But the real tragedy
is that human rights are now in greater jeopardy than
ever in the North Caucasus. The people of the region
are desperately in need of help from human rights groups
with genuine moral authority. Certainly not all
international rights organizations are guilty of the
same excesses as AI and HRW, and many of them do
important work under difficult circumstances. But it
seems that the worst are always the loudest and the
least balanced, and now these have undercut all of the
others. They have thereby done a tremendous disservice
to the people that they claim to help.
But of course, groups
like AI and HRW never really cared about the people of
the North Caucasus. Otherwise, they would not have
abandoned the region. At the very least they would have
let the world know why they abandoned the region, and
when they returned to it they would have documented what
had happened while they were gone.
What about those
foreign NGOs that promote democracy in Russia? Just as
with human rights, there is no question that the people
of the North Caucasus need more, not less, democracy.

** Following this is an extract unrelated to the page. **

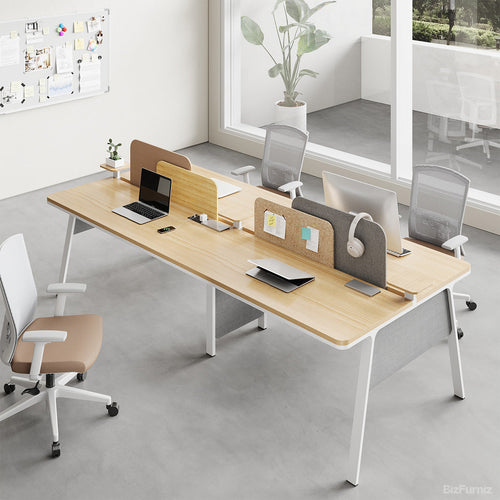280cm 4-person Office Desk with Partition and Cable Management for modern office workspace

So there is plenty of room for help, just as long as it
is honest and informed.
According to (former)
Senator John Edwards and (former) Congressman Jack Kemp
(speaking on behalf of the Council on Foreign
Relations), the Russian legislation "would roll back
pluralism in Russia and curtail contact between our
societies." Yet it does not seem that even John Edwards
should be too young to remember the scandals that rocked
American elections in 1996, 1998, and 2000, when there
were revelations that relatively small amounts of money
had found their way from China and other foreign
countries into American political campaigns. Outraged
leaders of both American parties, and indignant
editorialists in all of the same American dailies that
are now condemning the Russian NGO legislation, declared
that foreign money should never be allowed to influence
American elections. Yet these same opinion leaders
thought it was fine when the American government openly
spent USD 45 million to influence the outcome of the
Ukrainian election.
Blatant hypocrisy of
this sort demands an exposé. Yet articles that
discussed the democratic implications of the Russian
legislation in critical terms, and that appeared on
November 23 in the New York Times, the Washington Post,
and the Associated Press ( to name only three), never
mentioned it. So when their foreign money enters our
American electoral campaigns, then it's a scandal. Yet
when much larger sums of our American money enter their
foreign electoral campaigns, then it's the kind of
"pluralism" that fosters "democracy" as well as "contact
between our societies". If we want to foster democracy
then why do we undermine self-determination? Who in
their right mind would want to have political "contact"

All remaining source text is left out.